How can it be a hal stupidity - hal just polls the device, why would a driver make the driver confused? Yes, hal is dumbt to poll it every 2 sec but this hould not break it.
Comment 6 Bartlomiej Zolnierkiewicz 2007-12-20 13:35:31 UTC
> Tried 2.6.23, so far it behaves fine, so it really seems to be a regression.

Thanks for update.  I went through post-2.6.23 ide-cd and cmd646 commits but unfortunately there are no likely "guilty" candidates.  Would it be possible to narrow the problem down?  (For starters it would be useful to know if 2.6.24-rc1 is OK, then you would need to proceed with git-bisect).

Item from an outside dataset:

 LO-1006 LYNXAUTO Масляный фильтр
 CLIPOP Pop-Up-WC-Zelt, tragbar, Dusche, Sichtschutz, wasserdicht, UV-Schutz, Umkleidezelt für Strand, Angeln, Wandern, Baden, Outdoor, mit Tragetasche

> How can it be a hal stupidity - hal just polls the device, why would a driver
> make the driver confused? Yes, hal is dumbt to poll it every 2 sec but this
> hould not break it.

Yeah, that is what I was referring to.  You are of course right that it shouldn't confuse the drive and that it is a bug that needs fixing.
Comment 7 Meelis Roos 2007-12-29 08:38:21 UTC
I booted up the latest 2.6.24-rc6+git kernel (with the CMD646 updates 
applied) and the problem has not reappeared in 2 days 53 min uptime. 
Will see again on January 2 but so far it seems it has been fixed.
Comment 8 Meelis Roos 2008-01-02 01:44:53 UTC
Yep, no errors in 5 days uptime.
Comment 9 Bartlomiej Zolnierkiewicz 2008-01-02 14:21:51 UTC
I think that it is thanks to a recent cmd646 regression bugfix:

Author: Bartlomiej Zolnierkiewicz <bzolnier@gmail.com>
Date:   Mon Dec 24 15:23:44 2007 +0100

    cmd64x: fix hwif->chipset setup

    commit 528a572daea90aa41db92683e5a8756acef514c4 ("ide: add ->chipset field
    to ide_pci_device_t") broke hwif->chipset setup (it is now set to ide_cmd646
    for CMD648 instead of CMD646).  It seems that the breakage happend while
    I was moving patches around (cmd64x_chipsets[] entries for CMD646 and CMD648
    are identical except for 'name' field).  Fix it and bump driver version.

    Cc: Sergei Shtylyov <sshtylyov@ru.mvista.com>
    Signed-off-by: Bartlomiej Zolnierkiewicz <bzolnier@gmail.com>

[ the bug was found by accident while I was fixing some other stuff ]

Thanks for confirmation and sorry for breaking it in the first place.